Take the example of a Kenyan student remitting back home. He would be able to send money through an app or online, for a flat fee of £5, plus a one or two percent change rate commission. Back home, his mother, say, receives an SMS telling her she received the remittance. She can go to a bank partnering with Remitix, open a bank account in no time, and convert the voucher she has as an SMS into cash. In the meantime, the bank gets one new client.

If we don’t have any figure of funding or valuation for Remitix, the company already employs more than 200 in South Africa alone, and boasts to send to Zimbabwe three percent of their own GDP.

BRICS Startups: what do they share in common?
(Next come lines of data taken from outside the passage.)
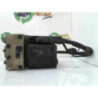 Bloc ABS (freins anti-blocage) RENAULT R25 PHASE 1 d’occasion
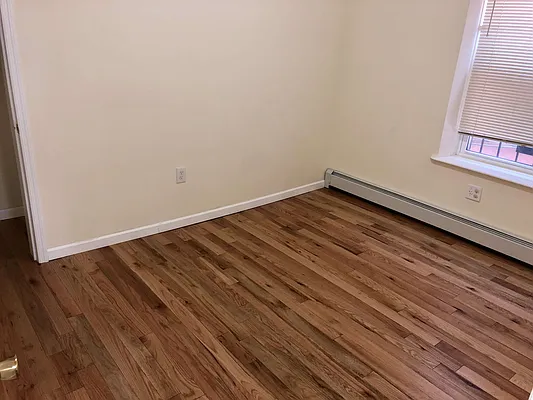 Rented by Chantior Real Estate LLC | media 10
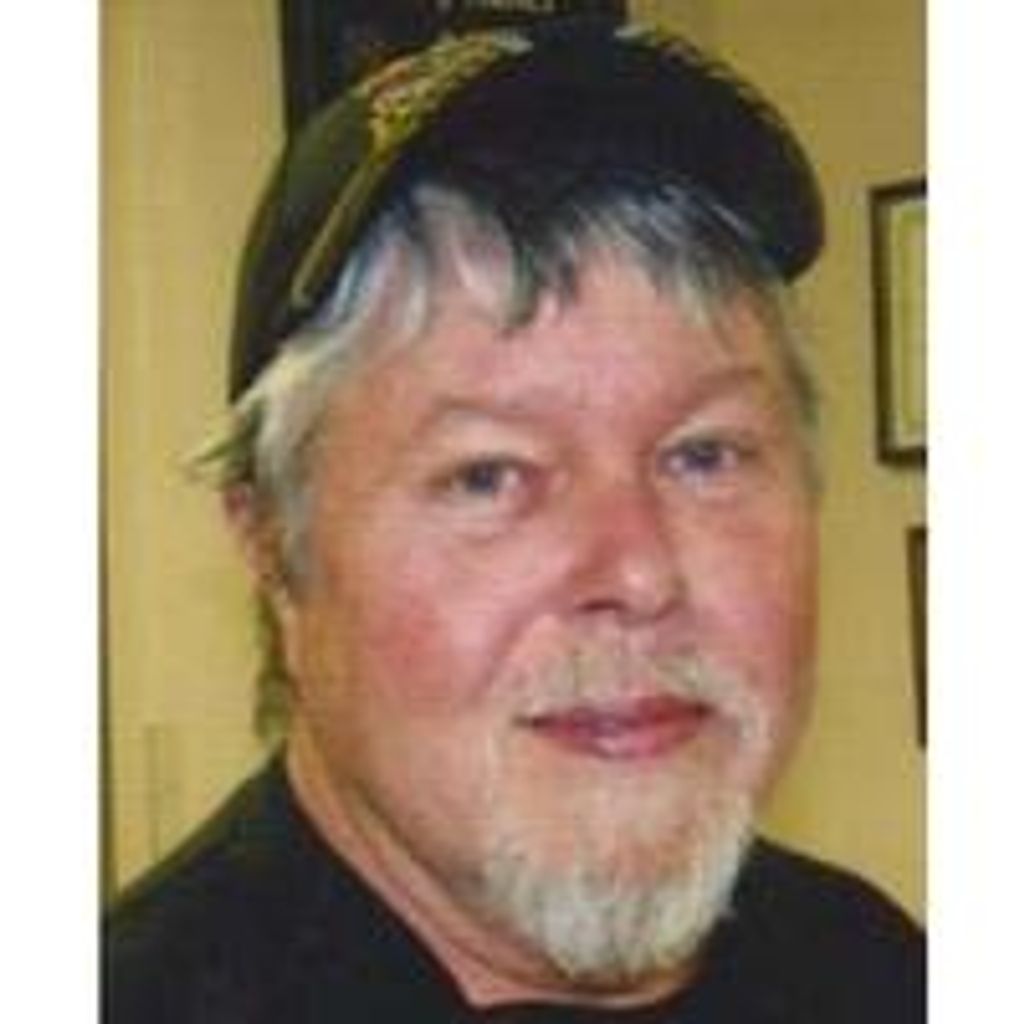 Lloyd Spencer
With all these stories in mind, we can try to wrap-up and find key takeaways. In countries where the US and European tech companies are barely present (with the notable exception of German based Rocket Internet companies in the field of e-commerce), we note that successful companies:

– know how and when to tap into the growing middle-class new frenzy for consumption. The 2000s proved to be too early times to conquer a too narrow population. Fast forward ten years, and huge populations are technologically ready to pay for goods and services online.

– have an invaluable knowledge of local behaviors and patterns of production and consumption. If Hotel Urbano was able to beat in a year only, that’s because they knew 85% of the local hotels were independently owned. So it was key to have big teams of business development to identify them and make them join the platform.

– are funded locally for a big part of them. The US VCs still seem to favor companies located or relocating in the Silicon Valley. In the meantime, funds from the BRICS countries were able to raise a first series of giants, and for the most interesting trend we can see here, more funds are transiting from the emerging markets to the emerging markets.

All in all, it’s good to see that startups from the BRICS found their own way of development. And, from India to South-East Asia, Africa and even parts of Europe, a lot of countries remain untapped.

The question is: where will you place your bets?